Where are the missing language pairs?
There seem to be 417 language varieties represented in https://opus.nlpl.eu/JW300.php. This would imply 417C2 = 86,736 undirected language pairs. However, I only count 54,376 of them, and the paper confirms this number. Do you know where the missing 32,360 language pairs are, and would you be willing to provide them?

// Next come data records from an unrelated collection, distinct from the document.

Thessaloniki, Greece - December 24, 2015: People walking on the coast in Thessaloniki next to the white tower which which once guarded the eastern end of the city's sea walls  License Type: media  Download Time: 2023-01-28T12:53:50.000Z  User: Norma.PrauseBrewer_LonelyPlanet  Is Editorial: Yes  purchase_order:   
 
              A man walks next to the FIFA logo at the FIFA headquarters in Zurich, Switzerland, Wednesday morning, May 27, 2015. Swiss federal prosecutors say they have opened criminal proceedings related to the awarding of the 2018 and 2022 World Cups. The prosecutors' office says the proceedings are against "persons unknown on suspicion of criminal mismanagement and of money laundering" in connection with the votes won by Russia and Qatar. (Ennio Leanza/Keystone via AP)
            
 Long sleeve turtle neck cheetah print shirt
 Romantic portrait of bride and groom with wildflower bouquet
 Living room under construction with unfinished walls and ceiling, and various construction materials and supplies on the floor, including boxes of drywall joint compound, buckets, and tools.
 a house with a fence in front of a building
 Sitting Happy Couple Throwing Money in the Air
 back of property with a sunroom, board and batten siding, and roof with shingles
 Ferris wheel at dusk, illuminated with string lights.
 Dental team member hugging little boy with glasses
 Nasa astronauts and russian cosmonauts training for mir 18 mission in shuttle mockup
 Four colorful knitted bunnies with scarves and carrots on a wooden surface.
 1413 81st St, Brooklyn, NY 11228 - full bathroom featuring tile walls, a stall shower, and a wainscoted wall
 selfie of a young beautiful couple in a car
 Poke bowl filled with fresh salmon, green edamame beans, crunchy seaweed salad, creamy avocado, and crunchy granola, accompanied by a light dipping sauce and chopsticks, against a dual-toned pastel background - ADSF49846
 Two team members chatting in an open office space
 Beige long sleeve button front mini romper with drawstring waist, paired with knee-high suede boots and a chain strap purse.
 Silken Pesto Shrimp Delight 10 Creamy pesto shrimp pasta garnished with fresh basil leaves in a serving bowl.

I notice that the adjacency matrix seems to have only one fully connected component, so e.g. although ady has no parallel data with en, it has parallel data with "jw_rmv", which has parallel data with en. So it seems likely that ady and en can be aligned. Just to demonstrate that it's conceptually possible, I found these two pairs in the respective corpora:
jw_rmv: Пала со амэ подаса дума андэ авэр статья ? ady: Сыда къыкІэлъыкІорэ статьям щызэхэтфыщтыр ?
jw_rmv: Пала со амэ подаса дума андэ авэр статья ? en: What will we consider in the following article ?
Implication: the following is a sentence pair between English and Adyghe:
ady: Сыда къыкІэлъыкІорэ статьям щызэхэтфыщтыр ? en: What will we consider in the following article ?
(Interestingly, jw_rmv, which actually seems to be Vlax Romany in Cyrillic script, is the one language that is aligned with the most other languages -- more than English!)
Useful theorem: every language in JW300 is parallel with English, Assamese, or both.